"Right now, over 550 members of members of the IEA are meeting at the Convention Center to formally launch the referendum drive to overturn the Luna laws," said Chilcote. "I have the first copies of it hot off the press, and you will all get to be the first who sign."
While touching on education, the rally's previous speakers cast a wide net, offering scathing condemnations of supply-side economics, corporate influence in politics and tax policy, and the steadily widening wealth gap.
"We have eight years of failed policies to prove that tax breaks to millionaires don't create jobs," said Adrienne Evans, executive director of United Vision for Idaho.
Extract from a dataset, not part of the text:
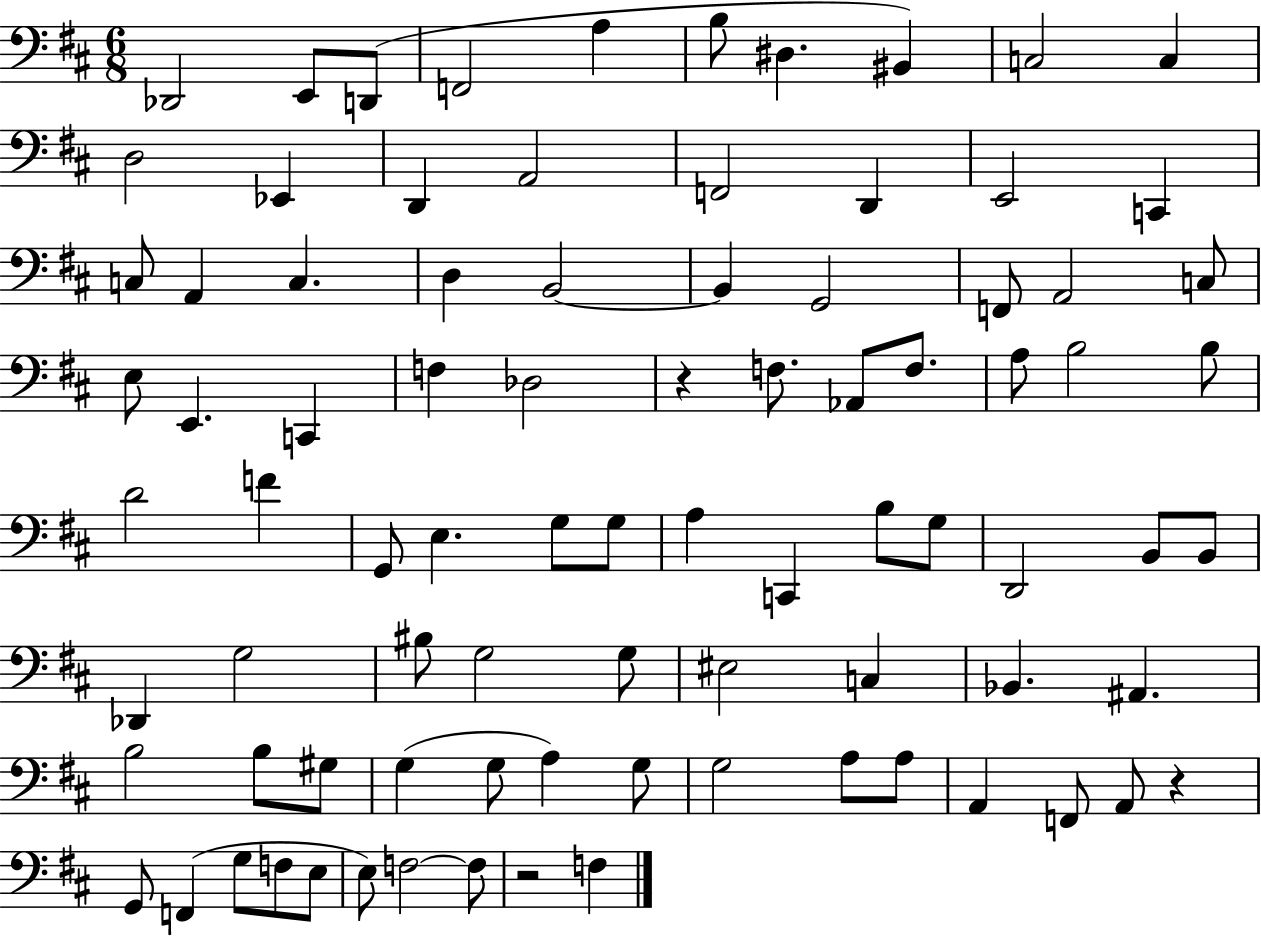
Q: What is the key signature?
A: D major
She had people holding signs representing income brackets stand on the Capitol steps to visually represent the wealth gap. When she asked the crowd if those who'd made their fortunes off the backs of American workers ought to pay their fair share, their answer was an emphatic, "yes."
"The only thing I like about the Tea Party is their righteous anger," said Troy Ingraham, a member of the American Postal Worker's Union and rally organizer. "[Sen. Mike] Crapo says he wants to have an adult conversation with us, as if our ideas are childish. I've been waiting to have an adult conversation with him for years."
But the moment Chilcote announced the referendum, things came into sharp focus. A giant cheer went through the modest crowd, and more than a dozen people ignored the next speaker, Boise Democrat Rep. Brian Cronin, to rush to the table and sign their names to the petition.
"We could potentially have all 13,000 members of the IEA out there across the state as soon as next week," said Chilcote. "They're going to be hosting special events, going door to door, whatever it takes. We're shooting for a minimum of 60,000 signatures."
"You better find them, or they'll find you," Chilcote told the crowd.